Canceled: 2020 Jacqueline Kennedy Onassis Medal Gala
Honoring Lisa & Dick Cashin and Alexandra & Philip Howard
About the Honorees
Our 2020 honorees’ contributions are rooted in their devotion to this unique metropolis we call home. Their combined professional, philanthropic, and personal endeavors have served to enrich and empower communities across the five boroughs, while celebrating the boundless character and diversity of our city. Lisa & Dick Cashin and Alexandra & Philip Howard share many things: a heartfelt dedication to community engagement; a love of music, dance, and fine arts; the ambition to tackle seemingly intractable problems; and a willingness to push boundaries. And of course Lisa and Philip share years of leadership at the Municipal Art Society, supporting our work and inspiring our efforts.
LISA & DICK CASHIN
Lisa, a native New Yorker, and Dick, having spent his entire professional life in New York, are diehard fans of the city and its economic diversity. They met as undergraduate classmates at Harvard and lived in Hong Kong for several years after graduation.
From Lisa’s college thesis on gentrification in Boston’s South End to her Masters in City Planning from UC Berkeley, followed by three decades at the Local Initiatives Support Corporation (LISC), Lisa has focused on the development of under-resourced urban neighborhoods. She is currently the vice-chair of the national board of LISC and president of the board of Prep for Prep. She has been a trustee of American Ballet Theatre for more than twenty years and has served on the Municipal Art Society of New York’s Board of Directors since 2008. Previously, she was active on the boards of the Brearley School, the International Tennis Hall of Fame, and Deerfield Academy.
After earning his MBA at Harvard Business School, Dick spent twenty years with Citigroup Venture Capital before founding One Equity partners, initially as JP Morgan’s private equity business before becoming an independent firm in 2015. Dick is a trustee of the American University in Cairo, the Boys Club of New York, the Brooklyn Museum, the Central Park Conservancy, Jazz at Lincoln Center, the National Rowing Foundation, and the Newport Festivals Foundation. He was a member of the 1976 and 1980 U.S. Olympic Rowing Teams and was a world champion in 1974. He is currently leading a $25 million effort to build a Norman Foster-designed boat house for Row New York, a highly successful program that trains more than 1,000 college-bound students each year.
ALEXANDRA & PHILIP HOWARD
Alexandra and Philip met in New York City in the early 1970s when Alexandra was producing neighborhood news programs in Inwood and Philip was writing the Bicyclist’s Guide to NYC in a collaboration with the Municipal Art Society. More than four decades later, Alexandra and Philip are as involved as ever with their favorite city.

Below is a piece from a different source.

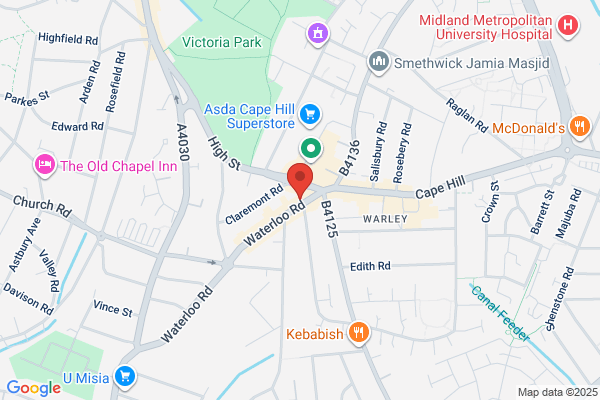 Spectrum Opticians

Descended from a long line of New York civic leaders, Alexandra has a rare familiarity and intimacy with the city and its art and architecture. After completing her architectural history studies at the University of Virginia, Alexandra returned to New York and began working on an architectural survey of Upper Fifth Avenue for a National Register nomination. Alexandra now sits on the board of Friends of the Upper East Side Historic Districts, which was instrumental in the creation of the large historic districts that now protect much of the neighborhood. In 2017, she organized family members to acquire a 75-foot mural painted by her grandfather, Howard Gardiner Cushing, then installed in the studio of Gertrude Vanderbilt Whitney in Old Westbury. The mural has now been restored and will be offered for public viewing for the first time as a major exhibition in 2022.
After earning his law degree from the University of Virginia, Philip dove headlong into New York civic life, serving as Zoning Chair of Manhattan Community Board 6. In 1983, he founded Howard, Darby & Levin, which later merged with the Washington firm Covington & Burling, where Philip was Vice-Chair. He served on the MAS board for nearly thirty years, including a decade as Chair. From Stand Against the Shadows to saving the lights of Times Square to the Tribute in Light, he was integral to some of the most significant victories in MAS history, working in partnership with longtime President Kent Barwick. His bestselling 1995 book The Death of Common Sense propelled his civic activities onto a national stage. Over the last 25 years, he has advised three presidents and numerous governors on simplifying government. His TED talk has been viewed more than 700,000 times, and he leads reforms through his books, essays, and forums organized by the nonpartisan group Common Good.